You would think so wouldn't you, in reality their admin team was processing the forms to go back to the scheme at about 7pm the evening before the deadline.
The IFA certainly knew the scheme details and there was some kind of back office portal link between them and the scheme administrators for requesting scheme info and uploading documents by the sound of it.
It seemed a very thorough process to me, certainly not a tick-box exercise.
Started with completion of a basic info form with details on mortgage / debts / household income / assets / dependents / other pensions / SP forecast / current spending on broad categories / desired income etc.
Followed up by a 2 hour Zoom call with the IFA for my wife and I where we went over the info provided and expanded on the details and discussed how we would use the money if transferred out (we had a prepared plan in mind)

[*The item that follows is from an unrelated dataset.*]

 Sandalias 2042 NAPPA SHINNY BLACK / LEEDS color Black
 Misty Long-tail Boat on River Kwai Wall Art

My wife was optional but as we plan together, and the eventual decision would affect her, we both wanted her involved from the start. It gave her an opportunity to ask the IFA questions from her point of view, maybe with a bit less "attachment" if that makes sense.

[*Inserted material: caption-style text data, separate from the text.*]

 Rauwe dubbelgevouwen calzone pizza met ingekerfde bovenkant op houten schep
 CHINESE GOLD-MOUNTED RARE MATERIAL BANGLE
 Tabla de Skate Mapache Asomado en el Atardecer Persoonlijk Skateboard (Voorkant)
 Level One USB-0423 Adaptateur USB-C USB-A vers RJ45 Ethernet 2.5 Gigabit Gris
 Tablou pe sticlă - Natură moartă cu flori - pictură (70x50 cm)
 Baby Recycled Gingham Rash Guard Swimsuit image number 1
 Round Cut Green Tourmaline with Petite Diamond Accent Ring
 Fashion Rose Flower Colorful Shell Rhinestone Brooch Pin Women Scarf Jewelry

The IFA then went off and did his stuff with a few email exchanges as queries arose along the way, and a discussion about where it would go if transferred (to the SIPP they set up with Royal London) and whether ongoing IFA service would be required (No).
Output was a report of about 60 pages that covered our situation, what we wanted to achieve, comparisons of different investment returns /annuities v the DB income and how different inflation rates would play out in those different scenarios and the risks / benefits of both options.
Conclusion was "Yes" for transfer.
As an appendix to the report there was the blurb from RL on their SIPP and the investment choices he was proposing.
Before they would accept the signed transfer forms from me I had to have a final call with the IFA where he checked my understanding of the report and that i appreciated there was "no going back" and understood the risks."The lack of inflation proofing was my real concern"Did the IFA go into this in any detail? My understanding is that my wife will get 50% of my GMP, it would be good if the IFA mentioned that too.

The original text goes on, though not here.